As a bit of a background, Kneadings Bread & Cafe is a bakery cafe that makes a whole range of baked goodies with stone-ground wheat flours, in-store fresh everyday. What makes this place very different, is that nothing in their store is made with additives or preservatives. I find you can actually tell the difference in the taste, texture, and smell. More on this later. While most people would just drop by to grab a loaf of bread, muffins, or some cookies, there is also the option of having some soup, salad, or deli / breakfast sandwiches on your choice of bread or bagel.
Scones ($2 each) -Cheddar (Top Left), Chocolate Chip (Top Right), Raisin (Bottom Left), Cranberry Orange (Bottom Right)
Without even taking into consideration that these scones have all natural ingredients, these were absolutely delicious.

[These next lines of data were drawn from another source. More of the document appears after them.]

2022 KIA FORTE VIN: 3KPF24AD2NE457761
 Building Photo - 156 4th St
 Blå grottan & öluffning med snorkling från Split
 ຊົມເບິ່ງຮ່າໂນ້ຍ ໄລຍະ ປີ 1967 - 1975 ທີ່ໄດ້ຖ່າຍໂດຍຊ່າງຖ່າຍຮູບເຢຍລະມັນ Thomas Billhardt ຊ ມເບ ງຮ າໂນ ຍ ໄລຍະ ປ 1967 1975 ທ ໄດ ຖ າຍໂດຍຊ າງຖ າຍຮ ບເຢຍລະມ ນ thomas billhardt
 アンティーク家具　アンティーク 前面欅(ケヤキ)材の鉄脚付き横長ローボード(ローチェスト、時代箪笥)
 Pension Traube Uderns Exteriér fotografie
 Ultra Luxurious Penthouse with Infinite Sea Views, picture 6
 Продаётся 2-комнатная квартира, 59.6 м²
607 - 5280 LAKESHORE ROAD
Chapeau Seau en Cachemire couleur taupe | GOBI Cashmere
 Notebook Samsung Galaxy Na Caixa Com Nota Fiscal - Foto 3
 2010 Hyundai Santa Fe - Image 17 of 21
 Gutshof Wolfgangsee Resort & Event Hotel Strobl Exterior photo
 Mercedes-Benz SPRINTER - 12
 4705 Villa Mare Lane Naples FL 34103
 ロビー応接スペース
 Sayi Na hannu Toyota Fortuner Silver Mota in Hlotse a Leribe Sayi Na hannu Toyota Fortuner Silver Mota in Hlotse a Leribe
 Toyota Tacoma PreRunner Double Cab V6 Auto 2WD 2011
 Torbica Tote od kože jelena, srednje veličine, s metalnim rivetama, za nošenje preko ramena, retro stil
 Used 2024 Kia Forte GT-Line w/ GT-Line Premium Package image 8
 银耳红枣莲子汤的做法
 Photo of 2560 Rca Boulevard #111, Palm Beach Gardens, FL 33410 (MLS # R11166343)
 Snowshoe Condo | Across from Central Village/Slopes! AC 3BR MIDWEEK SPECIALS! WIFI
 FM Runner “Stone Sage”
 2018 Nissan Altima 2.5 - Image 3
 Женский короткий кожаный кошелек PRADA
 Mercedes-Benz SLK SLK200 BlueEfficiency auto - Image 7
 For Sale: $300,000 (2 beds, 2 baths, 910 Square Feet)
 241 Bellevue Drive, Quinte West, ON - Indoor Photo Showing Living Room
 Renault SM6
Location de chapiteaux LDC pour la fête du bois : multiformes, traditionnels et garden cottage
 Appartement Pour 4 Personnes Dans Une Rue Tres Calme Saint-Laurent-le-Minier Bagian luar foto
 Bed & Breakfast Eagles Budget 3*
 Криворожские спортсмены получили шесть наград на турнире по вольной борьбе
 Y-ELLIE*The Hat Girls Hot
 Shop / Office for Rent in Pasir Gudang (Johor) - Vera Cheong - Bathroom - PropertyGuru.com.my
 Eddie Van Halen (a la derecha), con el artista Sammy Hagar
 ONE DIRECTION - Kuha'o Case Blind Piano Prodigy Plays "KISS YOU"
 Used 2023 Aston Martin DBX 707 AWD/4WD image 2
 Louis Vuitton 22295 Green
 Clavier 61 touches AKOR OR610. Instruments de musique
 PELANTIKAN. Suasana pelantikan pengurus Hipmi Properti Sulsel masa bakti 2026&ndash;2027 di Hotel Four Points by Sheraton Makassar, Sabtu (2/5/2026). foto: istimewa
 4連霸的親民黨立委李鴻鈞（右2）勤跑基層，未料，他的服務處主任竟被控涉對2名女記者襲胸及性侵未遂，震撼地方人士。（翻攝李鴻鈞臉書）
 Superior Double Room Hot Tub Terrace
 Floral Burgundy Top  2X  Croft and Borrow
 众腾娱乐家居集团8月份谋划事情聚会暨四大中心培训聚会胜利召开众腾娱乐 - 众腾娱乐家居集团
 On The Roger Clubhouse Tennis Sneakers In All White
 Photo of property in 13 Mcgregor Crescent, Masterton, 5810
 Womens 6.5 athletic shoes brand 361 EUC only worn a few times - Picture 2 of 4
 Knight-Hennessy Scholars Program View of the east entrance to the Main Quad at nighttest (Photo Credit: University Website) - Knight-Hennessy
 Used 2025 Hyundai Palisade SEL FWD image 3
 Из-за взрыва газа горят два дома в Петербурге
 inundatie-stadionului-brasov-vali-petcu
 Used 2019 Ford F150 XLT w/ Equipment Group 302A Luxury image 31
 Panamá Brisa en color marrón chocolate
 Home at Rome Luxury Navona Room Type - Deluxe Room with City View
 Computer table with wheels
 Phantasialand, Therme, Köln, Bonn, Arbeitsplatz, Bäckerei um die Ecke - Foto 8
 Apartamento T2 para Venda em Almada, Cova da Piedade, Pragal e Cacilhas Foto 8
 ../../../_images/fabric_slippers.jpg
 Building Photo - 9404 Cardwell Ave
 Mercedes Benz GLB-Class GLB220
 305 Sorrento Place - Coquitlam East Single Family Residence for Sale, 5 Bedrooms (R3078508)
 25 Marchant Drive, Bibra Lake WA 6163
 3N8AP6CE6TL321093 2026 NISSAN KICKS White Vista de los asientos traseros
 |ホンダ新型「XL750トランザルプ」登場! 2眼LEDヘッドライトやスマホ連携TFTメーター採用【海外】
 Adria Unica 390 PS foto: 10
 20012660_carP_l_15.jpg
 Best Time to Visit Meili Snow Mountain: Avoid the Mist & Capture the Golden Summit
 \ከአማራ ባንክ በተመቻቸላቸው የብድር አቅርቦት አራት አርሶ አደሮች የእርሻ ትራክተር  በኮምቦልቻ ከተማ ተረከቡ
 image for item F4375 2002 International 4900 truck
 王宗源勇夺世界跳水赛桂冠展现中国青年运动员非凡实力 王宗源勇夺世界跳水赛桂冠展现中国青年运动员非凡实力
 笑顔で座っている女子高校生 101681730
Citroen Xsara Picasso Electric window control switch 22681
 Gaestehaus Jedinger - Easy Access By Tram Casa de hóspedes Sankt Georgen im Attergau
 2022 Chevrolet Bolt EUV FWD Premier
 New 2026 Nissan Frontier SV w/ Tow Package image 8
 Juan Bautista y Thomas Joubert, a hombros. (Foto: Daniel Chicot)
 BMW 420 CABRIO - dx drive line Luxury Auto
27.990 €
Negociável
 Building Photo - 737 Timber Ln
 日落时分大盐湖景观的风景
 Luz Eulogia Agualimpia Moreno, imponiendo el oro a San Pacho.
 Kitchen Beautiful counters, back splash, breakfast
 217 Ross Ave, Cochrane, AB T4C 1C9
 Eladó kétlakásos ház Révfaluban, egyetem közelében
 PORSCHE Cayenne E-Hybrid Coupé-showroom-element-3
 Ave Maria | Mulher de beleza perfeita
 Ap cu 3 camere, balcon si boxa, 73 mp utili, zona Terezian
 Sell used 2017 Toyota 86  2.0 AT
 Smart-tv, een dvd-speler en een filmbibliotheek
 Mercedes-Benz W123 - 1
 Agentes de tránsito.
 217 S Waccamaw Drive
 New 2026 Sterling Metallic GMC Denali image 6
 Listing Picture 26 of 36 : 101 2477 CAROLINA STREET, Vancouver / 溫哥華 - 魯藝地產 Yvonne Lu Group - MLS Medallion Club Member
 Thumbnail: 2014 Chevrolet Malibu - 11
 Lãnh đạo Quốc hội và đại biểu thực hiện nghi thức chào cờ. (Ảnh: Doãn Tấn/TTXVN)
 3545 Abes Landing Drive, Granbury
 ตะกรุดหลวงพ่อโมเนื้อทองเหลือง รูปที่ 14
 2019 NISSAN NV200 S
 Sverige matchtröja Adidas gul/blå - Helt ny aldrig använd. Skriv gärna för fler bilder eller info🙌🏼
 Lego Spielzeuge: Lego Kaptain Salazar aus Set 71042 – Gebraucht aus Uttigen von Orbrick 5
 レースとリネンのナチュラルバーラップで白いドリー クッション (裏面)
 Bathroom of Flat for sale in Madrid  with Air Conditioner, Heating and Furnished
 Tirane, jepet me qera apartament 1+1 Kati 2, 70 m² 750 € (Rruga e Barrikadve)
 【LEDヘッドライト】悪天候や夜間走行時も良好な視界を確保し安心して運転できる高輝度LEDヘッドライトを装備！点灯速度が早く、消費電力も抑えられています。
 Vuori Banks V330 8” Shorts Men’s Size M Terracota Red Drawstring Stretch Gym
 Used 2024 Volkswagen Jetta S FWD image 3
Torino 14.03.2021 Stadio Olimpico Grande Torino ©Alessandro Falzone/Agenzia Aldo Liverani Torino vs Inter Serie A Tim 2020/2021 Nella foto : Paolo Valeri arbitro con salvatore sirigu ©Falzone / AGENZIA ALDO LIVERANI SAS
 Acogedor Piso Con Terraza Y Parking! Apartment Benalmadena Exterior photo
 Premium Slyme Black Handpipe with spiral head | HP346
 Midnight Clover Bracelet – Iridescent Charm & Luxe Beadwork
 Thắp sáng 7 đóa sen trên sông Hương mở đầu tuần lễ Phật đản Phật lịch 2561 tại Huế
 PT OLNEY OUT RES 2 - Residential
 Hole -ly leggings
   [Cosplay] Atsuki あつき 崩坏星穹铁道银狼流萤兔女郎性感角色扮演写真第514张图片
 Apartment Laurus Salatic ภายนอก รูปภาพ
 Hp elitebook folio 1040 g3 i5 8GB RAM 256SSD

I toasted mine to a point where it had a mild crunchy exterior, and soft warm interior. On thing I do notice though, is that each scone was not the same. Some rose more during baking than others, and as a result tasted better because they were less dense.. My favourite one was the cranberry and orange. Very buttery, and had a subtle hint of sweetness from the honey (not sugar) and the cranberries.
"Honey Whole Wheat", and "Muesli" bread loaves"
Since my parents were the ones that picked these up, I have to say that these bread flavours are actually quite (for lack of a better word) boring compared to the ones that they offer. On a menu that they brought back, I saw that they have some pretty interesting loaves like "Strawberry and Pecan", "Spinach Feta", "Jalapeno Cheddar" and even "Irish Soda Bread" (A Saint Patrick's Day specialty made with buttermilk, eggs, currants, and coriander).
The loaves themselves were very heavy. I'd say the weight of one loaf is equivalent to two commercial loaves of bread. The texture of the bread is more dense and less uniformly risen. Because there are no additives, you can really taste the yeast in the bread. Or actually, being the Bio-nerd that I am, I should correct myself and say it is the alcohol by-product of the yeast fermentation process which you can taste. I wasn't used to it at first, but after a couple more bites I couldn't even notice it. Personally I think I prefer the texture of fluffy commercialized breads, but the fact that it was all natural definitely made me feel good about eating it.